Inmitten der Nachrichten über Krieg und Zerstörung lautet das Dilemma: Wer zu lange hinsieht, wird stumpf. Wer zu lange wegsieht, wird kalt.

Nachwirkung der russischen Drohnen- und Raketenangriffe in Kiew, am 17.6.2025 Foto: Valentyn Ogirenko/reuters

G enau genommen ist es eine Lüge, dass die Welt in ihrem derzeitigen Zustand unerträglich ist. Ich ertrage sie schließlich – die russischen Luftangriffe auf Kyjiw, die brennenden Zeltlager in Gaza, die Hungersnot in Sudan.

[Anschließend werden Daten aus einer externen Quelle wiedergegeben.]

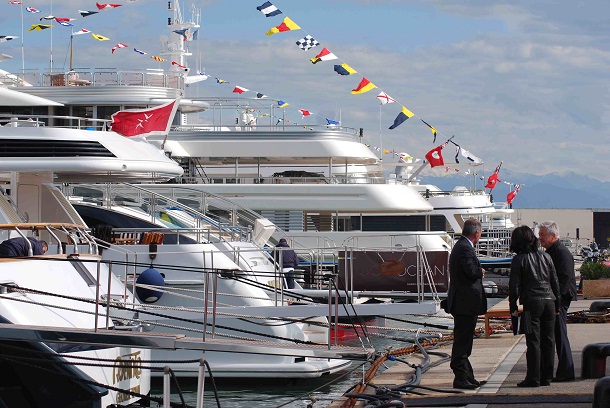 Antibes Yacht Show 2012 in partnership with Ferrari dealer Modena Motors Cannes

An einem durchschnittlichen Werktag im Juni 2025 lauten die Nachrichten: Iranische Rakete trifft israelisches Krankenhaus, Israel greift iranische Atomanlage an, Putin warnt Deutschland vor Taurus-Lieferungen an die Ukraine, bei der Verteilung von Hilfsgütern in Gaza erschießen israelische Soldaten Zivilisten, heute meist sonnig bei 24 Grad. Im Internet teilen mehr oder weniger Betroffene ihre Wut, ihre Angst und ihre gebrochenen Herzen. Ständig beklagt jemand „ohrenbetäubendes Schweigen“. An einem durchschnittlichen Werktag betrachte ich das Leid der Einen und der Anderen, abwechselnd, in 12- bis 20-sekündigen Videos. Ich soll auf eine Demo gehen, ich soll mich solidarisch zeigen. Ich soll irgendwo Zionisten hassen und wäre irgendwo anders Antisemitin, wenn ich Netanjahu einen Völkermord unterstellen würde. Zwischendurch trinke ich Cappuccino. Manchmal klicke ich auf einen Spendenlink.

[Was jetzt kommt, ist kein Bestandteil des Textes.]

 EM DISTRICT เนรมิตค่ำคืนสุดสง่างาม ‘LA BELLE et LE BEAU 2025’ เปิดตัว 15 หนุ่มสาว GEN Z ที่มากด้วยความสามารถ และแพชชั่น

Mir ist die Welt unbegreiflich geworden in einem Ausmaß, mit dem ich nicht umzugehen weiß. Früher habe ich aufgeschrieben, was ich nicht fassen konnte. Meistens ergab es hinterher mindestens ein bisschen Sinn. Aber Krieg an sich ist nun mal sinnlos, obwohl man im ganz realen Kriegszustand natürlich sinnvollere oder weniger sinnvolle Entscheidungen treffen kann. Im Angesicht dieser Umstände und der fortschreitenden Trumpisierung werden meine sinnsuchenden Worte allerdings zu Brei. Manchmal denke ich, ich müsste trotzdem etwas tun – wenigstens schreiben, dass das Völkerrecht über dem Recht des Stärkeren steht. Dass Krieg kein Tennisturnier ist und kein Mensch ein Kollateralschaden. Dass wir alle noch mal Susan Sontag lesen sollten, um zu lernen, was es mit uns macht, ständig all dieses Leid anzusehen. Aber meistens denke ich: Das ist doch alles schon gesagt. Und ich fürchte, dass eine politische Autorin, die etwas anderes will, als Recht haben, in diesen Zeiten eigentlich nur scheitern kann.

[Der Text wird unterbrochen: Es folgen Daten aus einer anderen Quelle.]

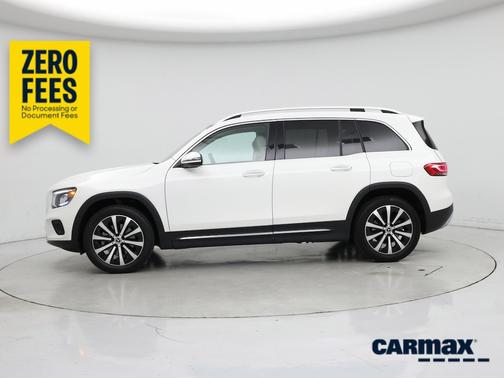 White 2023 Mercedes-Benz GLB 250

Wer still ist, ist nicht gleich unpolitisch

Die meisten von uns ertragen das Unerträgliche seit Monaten aus der zweiten oder dritten Reihe. Obwohl der Krieg unheimlich nahe rückt, ist er doch nicht wirklich hier. Ich kauere nicht in Luftschutzbunkern, ich kann Raketen und Flugabwehrgeschosse nicht am Klang unterscheiden, ich verliere keine Häuser, keine Verwandten und keine Gliedmaßen. Folglich, so werfe ich es mir regelmäßig vor, müsste ich ihm und all den Menschen in der ersten Reihe doch wenigstens meine ungeteilte Aufmerksamkeit schenken. Aber ich will nichts mehr wissen vom Krieg, vom Sondervermögen, von Wehrpflicht, von Haubitzen. Es ist mir egal, welcher 55-jährige Politiker heute sofort für sein Land kämpfen würde, und ich habe keine Lust, militärstrategische Debatten zu lesen, die katastrophengeil über den nächsten Schachzug von Kriegspartei A und B spekulieren, als handelte es sich um das Staffelfinale einer Netflix-Serie. Ich will nicht teilhaben an der humanitären und moralischen Entgrenzung, auch nicht, indem ich pausenlos gegen sie protestiere. Aber einfach aufgeben und nichts tun will ich auch nicht.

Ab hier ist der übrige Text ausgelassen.